Spatiotemporal mode-locked ultrafast lasers have attracted extensive attention in recent years, in which both the transverse and longitudinal modes are locked, conducive to the generation of high-energy pulses [1, 2]. Multimode fibers (MMFs) have also gradually become important platforms for spatiotemporal mode-locking owing to the larger mode field area [3]. In 2017, Wright et al. [1] first achieved spatiotemporal pulses mode-locked by nonlinear polarization rotation based on graded-index MMFs (GIMFs) with small modal dispersion. Subsequently, step-index MMFs were also proved to be used for generating spatiotemporal mode-locking, where the larger modal dispersion can be counteracted through intracavity spatial filter or saturable absorber (SA) [4, 5]. These results provided more possibilities for the study of spatiotemporal dynamics [69]. Moreover, all-fiber lasers are meaningful for the applications of spatiotemporal mode-locking in various fields due to the advantages of high environmental stability, compact design, alignment-free operation, and high beam quality [1012]. In order to realize the all-fiber structure, the select of suitable saturable absorber is of great significance. At present, nonlinear polarization rotation, nonlinear amplifying loop mirror, nonlinear multimode interference, and Mamyshev regenerators have been applied to achieve ultrafast pulses in all-fiber MMF lasers [1316]. Furthermore, nanomaterials are also promising candidates for intracavity saturable absorption devices, which possess broadband operation, tunable modulation depth, as well as easy fabrication and integration [1722]. The excellent performance of nanomaterials provides more freedom in studying spatiotemporal mode-locking dynamics.

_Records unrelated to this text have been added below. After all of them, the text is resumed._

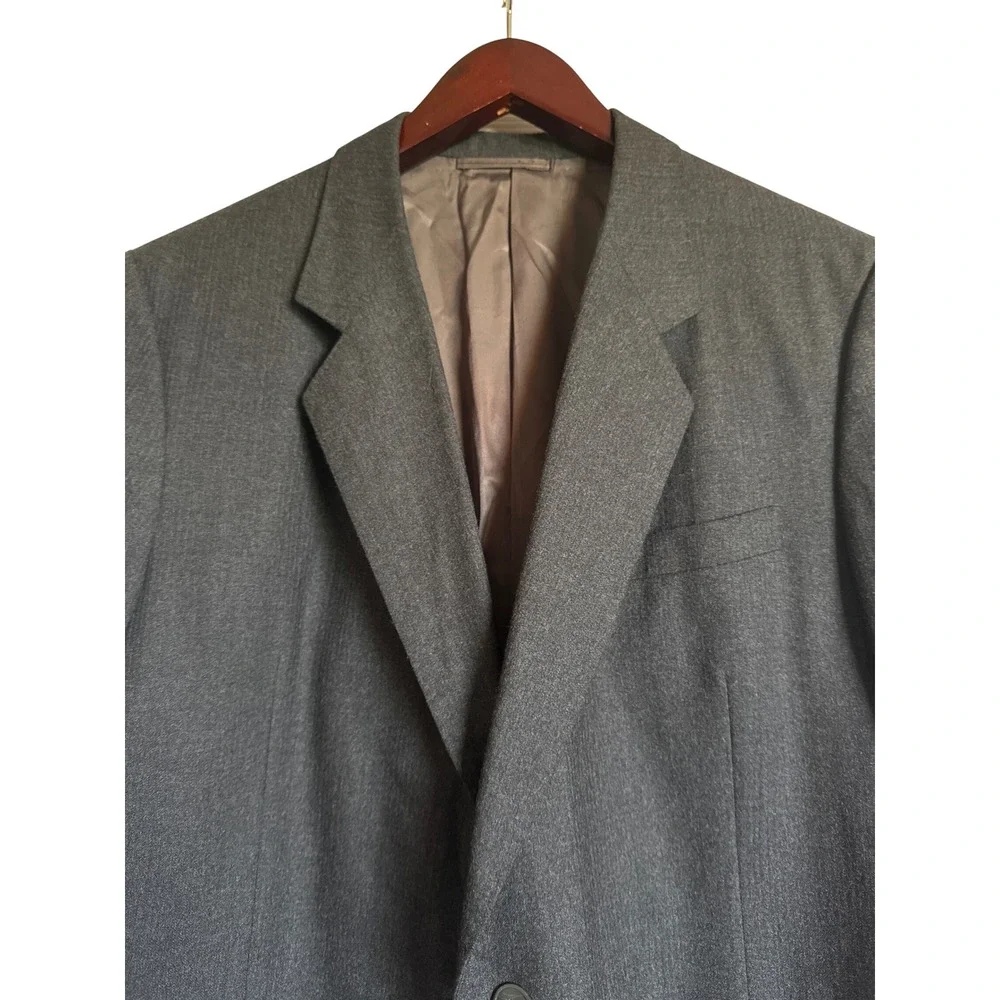 Custom Tailored Wong's Hong‎ Kong Gray Mink Cashmere Sport Coat Classic Business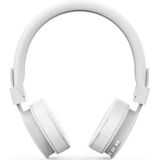 HAMA | Freedom Lit II Bluetooth-hoofdtelefoon met hoofdband (draadloze hoofdtelefoon, opvouwbaar, met microfoon, 15 uur batterijduur, USB-C opladen) wit.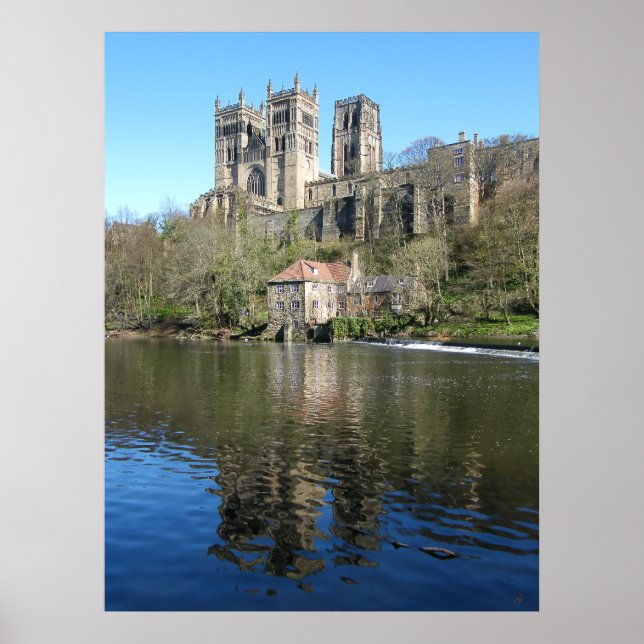 Durham Cathedral & Mill Poster (Front)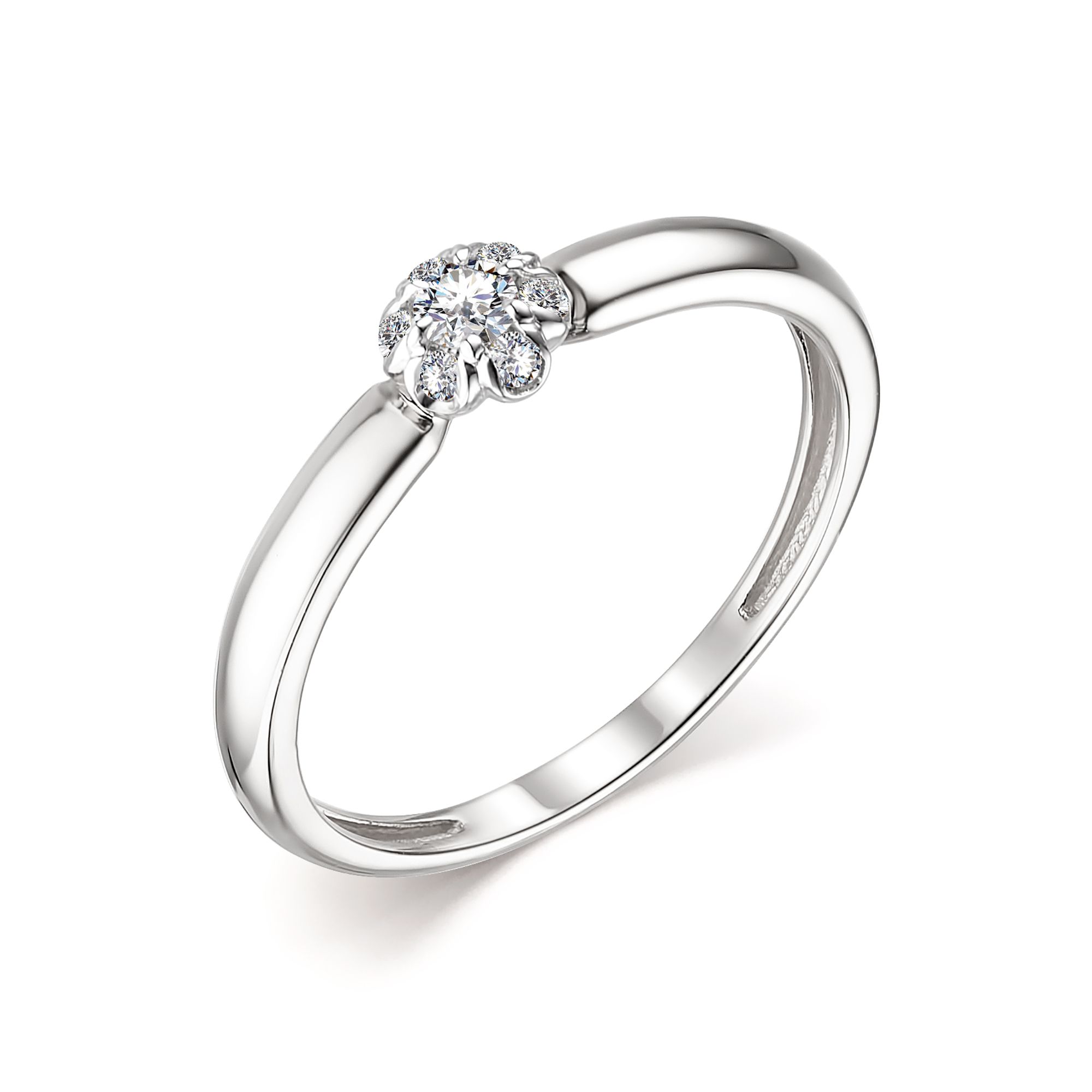 Кольцо, бриллиант, 13787-200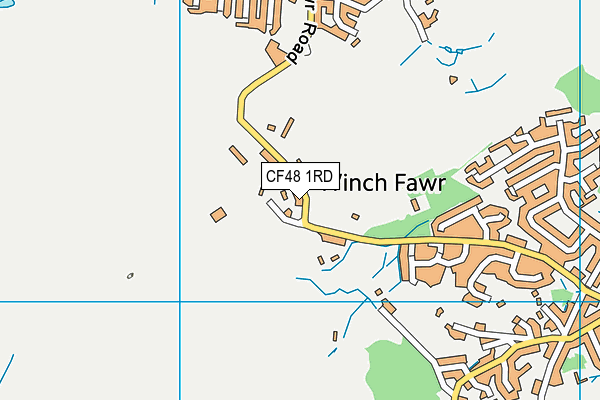 CF48 1RD map - OS VectorMap District (Ordnance Survey)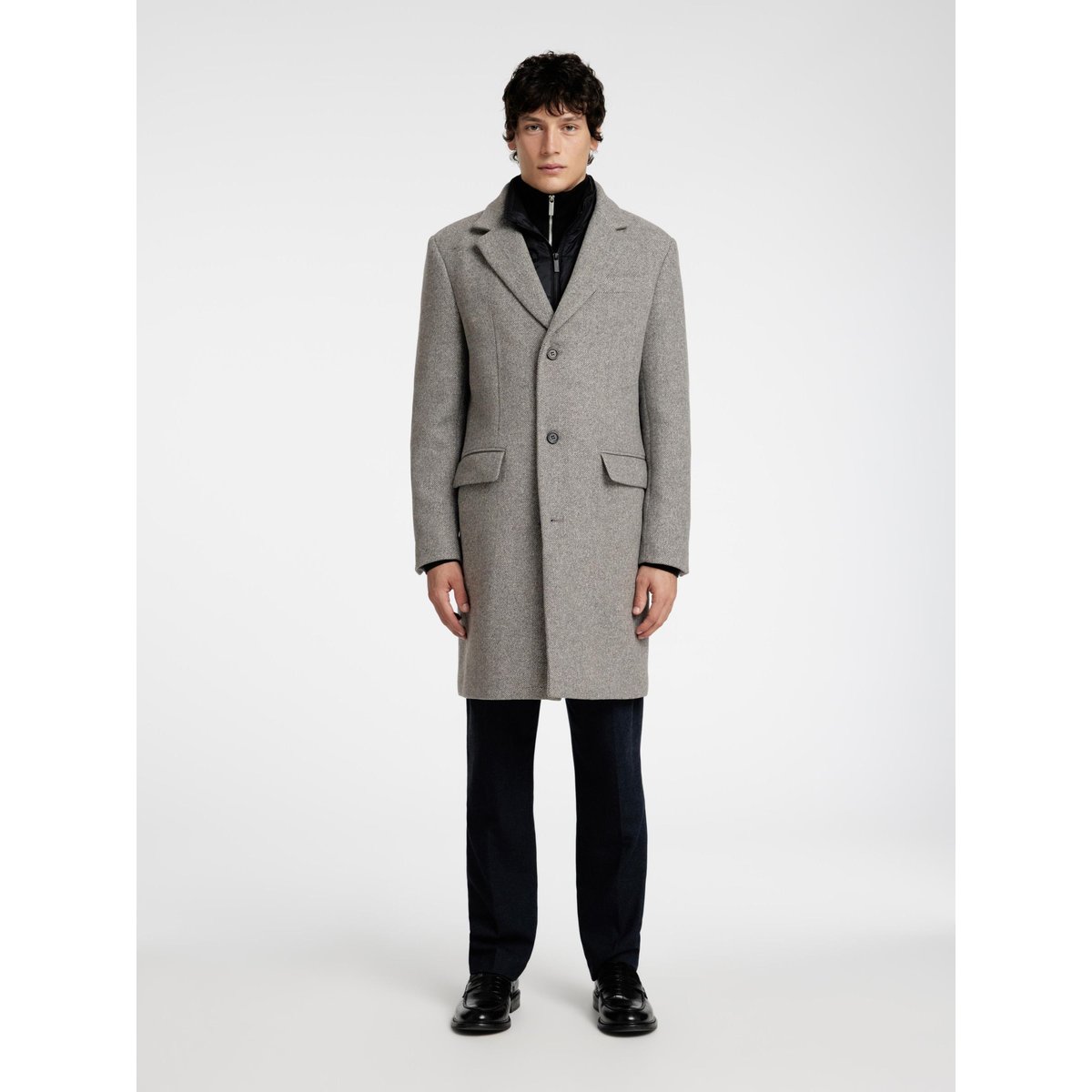 Manteau 2 En 1 gris - light grey melange, SELECTED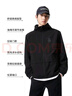 杰克·琼斯（JACK&JONES）男装潮流秋季外套男士连帽防风上衣户外休闲夹克短款百搭外套男 E41黑色 M (175) 实拍图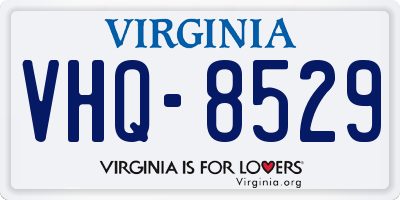 VA license plate VHQ8529
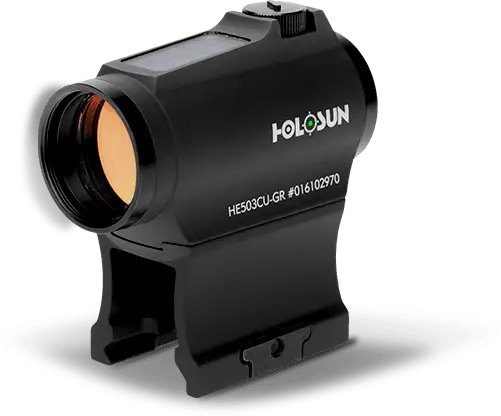 Holosun red dot sight for hunters, sport shooters and police/military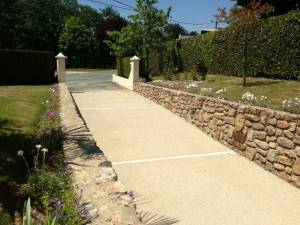 Allée de jardin - paysagiste 77, maçon 77, entreprise de maçonnerie 77, jardinier 77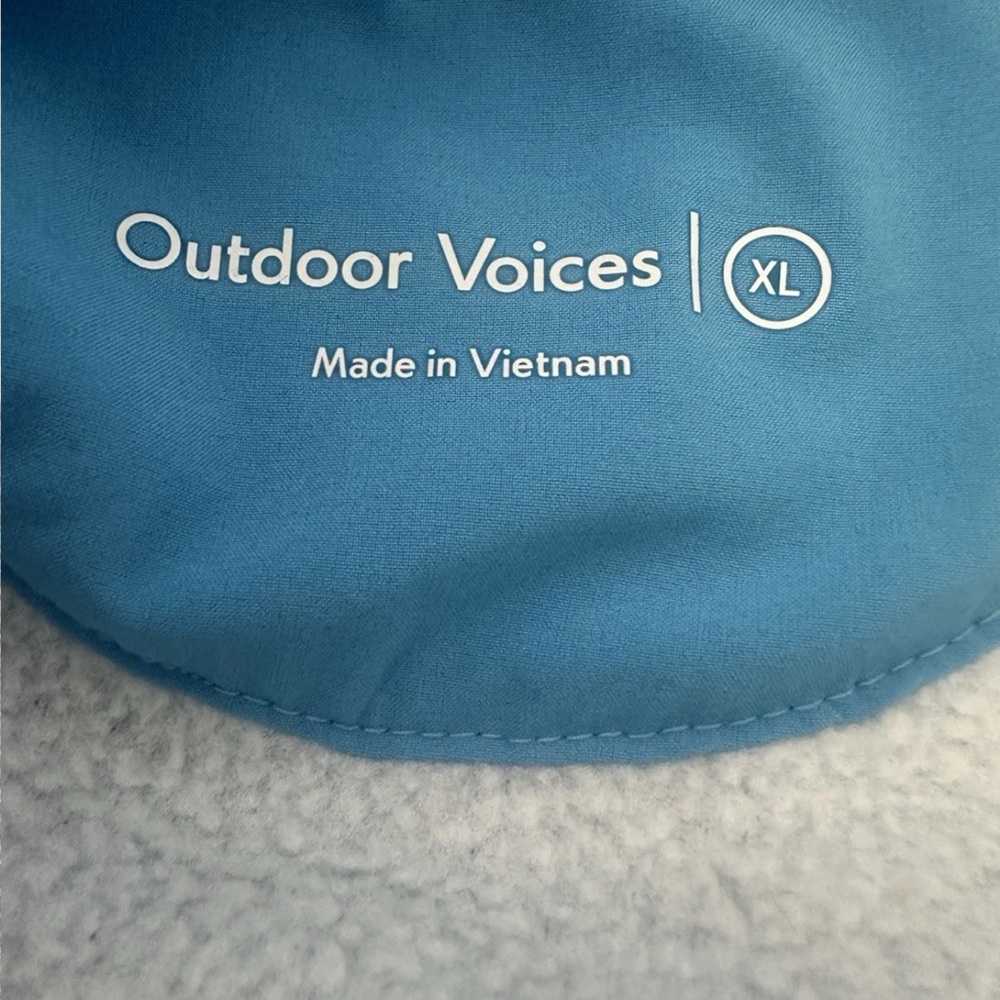 Outdoor Voices Women's Light Blue Fleece Jacket mid weight Sz XL winter warm - Picture 7 of 9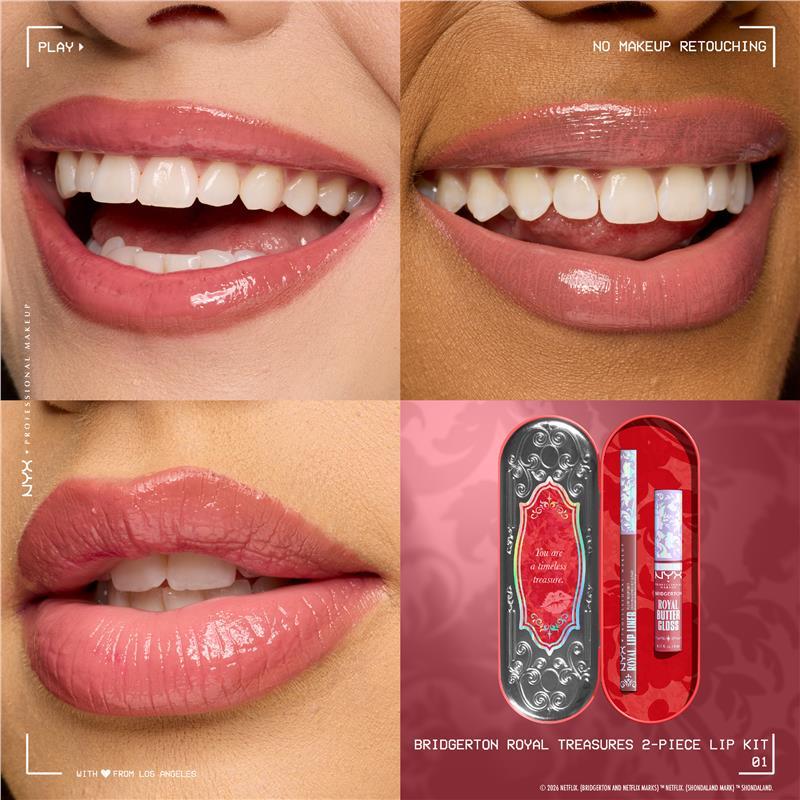 NYX Bridgerton 2 Piece Lip Kit Peony Passion & Cupid's Secret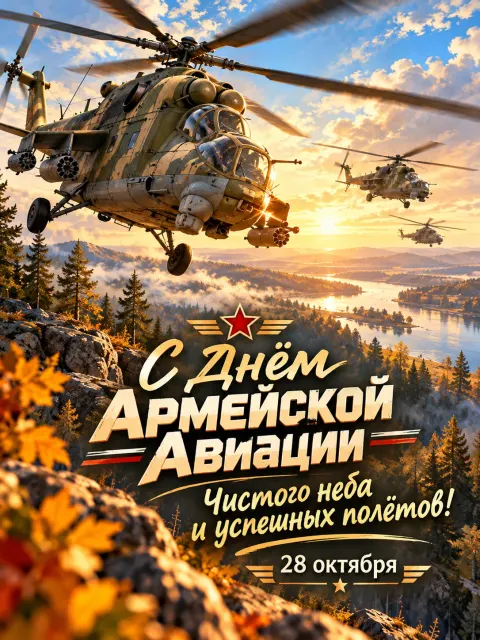 С Днём Армейской Авиации — открытка «День армейской авиации»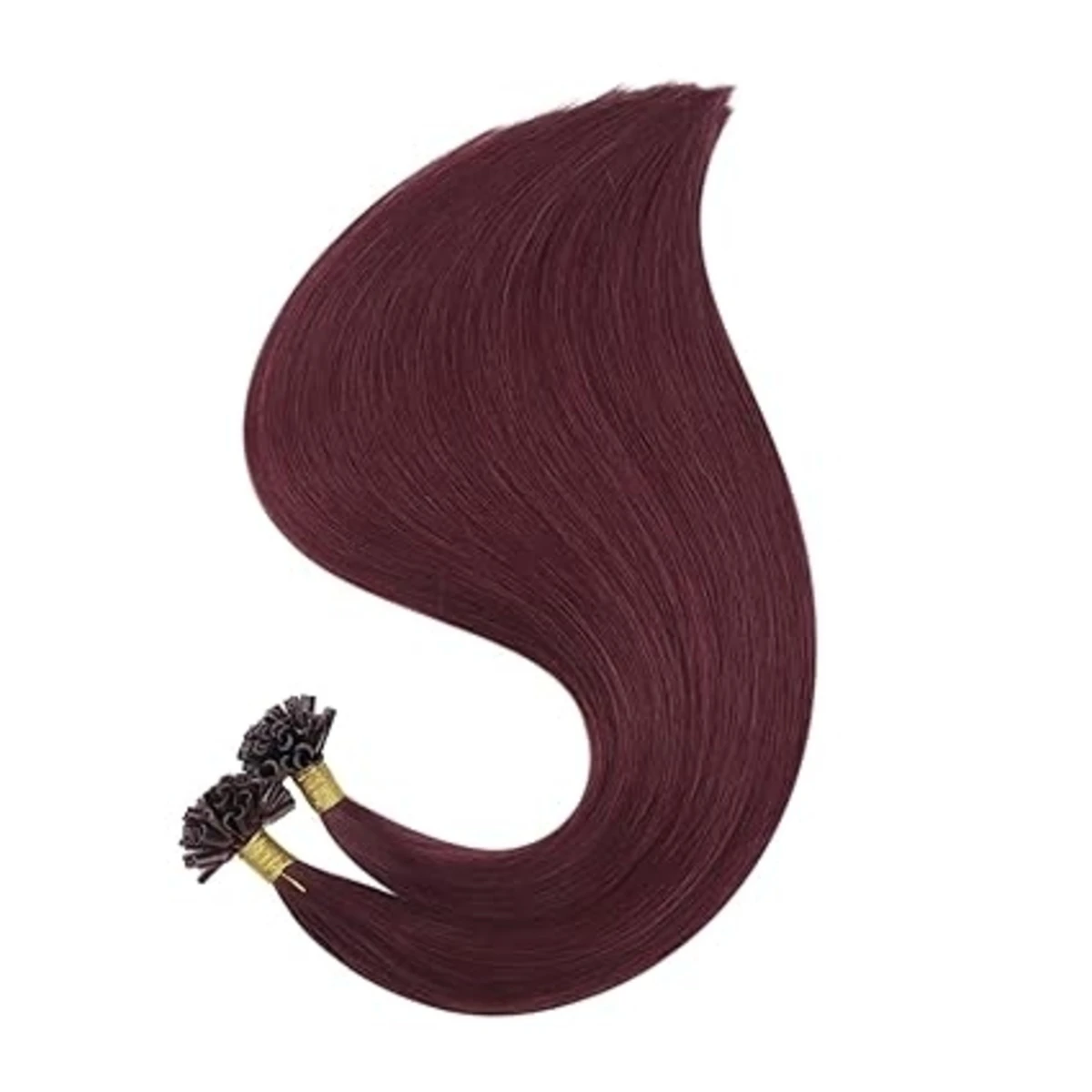 Full Shine U tip Human Hair Extensions Pure Color Keratin Hair Extensions Human Hair Prebonded Remy Hair Extensions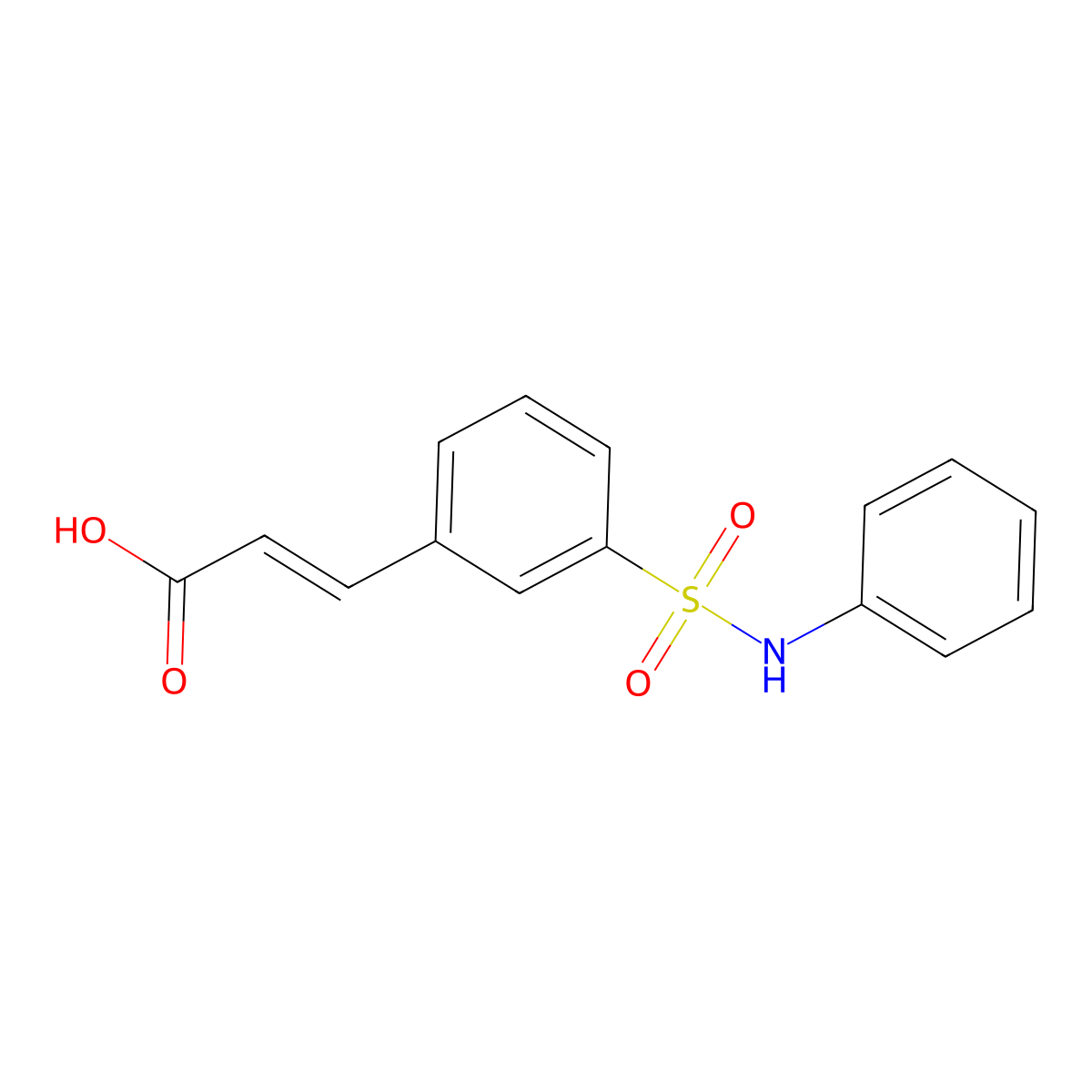 3-(3-Phenylsulfamoylphenyl)acrylic acid molecular structure, CAS 412269-00-2
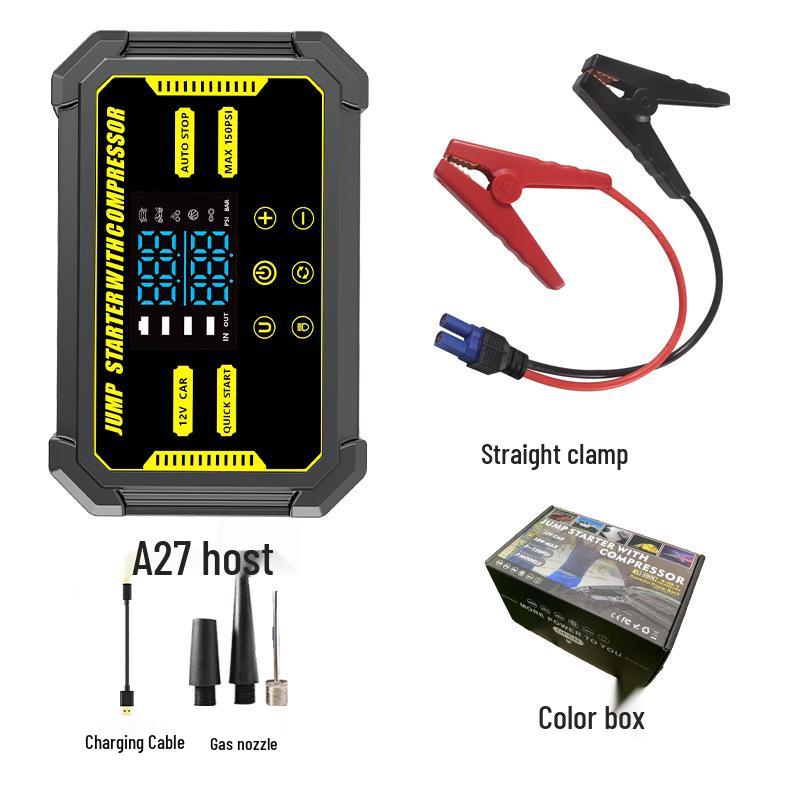Portable Mini Air Pump & Car Emergency Jump Starter Power Bank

Herein, we constructed an all-fiber Yb-doped fiber laser (YDFL) based on carbon nanotubes (CNTs)-SA to investigate multiple spatiotemporal phenomena. The spatiotemporal Q-switching, Q-switched mode-locking, and mode-locking were all observed by adjusting the polarization state and pump power carefully, which benefited from various effects in the MMF laser. In order to analyze the spatiotemporal mode-locking in detail, the propagation of pulses in this cavity was also simulated, where the evolution of pulses versus roundtrips and different positions were discussed.

2 Experimental section

The setup of the all-fiber multimode ring laser is shown in Fig.1. The gain medium is 1.8-m YDF (Liekki YB1200-10/125DC), which is pumped by a 980-nm laser through a combiner. The ring cavity also includes a polarization insensitive isolator for ensuring unidirectional light propagation, a polarization controller for adjusting polarization state, a SA device for generating ultrafast pulses, and an 80/20 coupler for output pulses. Apart from the customized combiner, all the tail fibers of the passive components are GIMFs (50/125 μm), which have parabolic refractive index distributions and relatively small modal dispersion compared to step-index MMFs. Based on the setup of the laser, the excitation of high-order transverse modes or the spatial filtering will occur at the splice of fibers with different core diameters. In addition, the structure of GIMFs-YDF-GIMFs will also introduce a multimode interference filter, which has influence on the spectrum characteristics of pulses [2325]. Therefore, diverse spatiotemporal phenomena were further observed and analyzed under the combination of multiple effects.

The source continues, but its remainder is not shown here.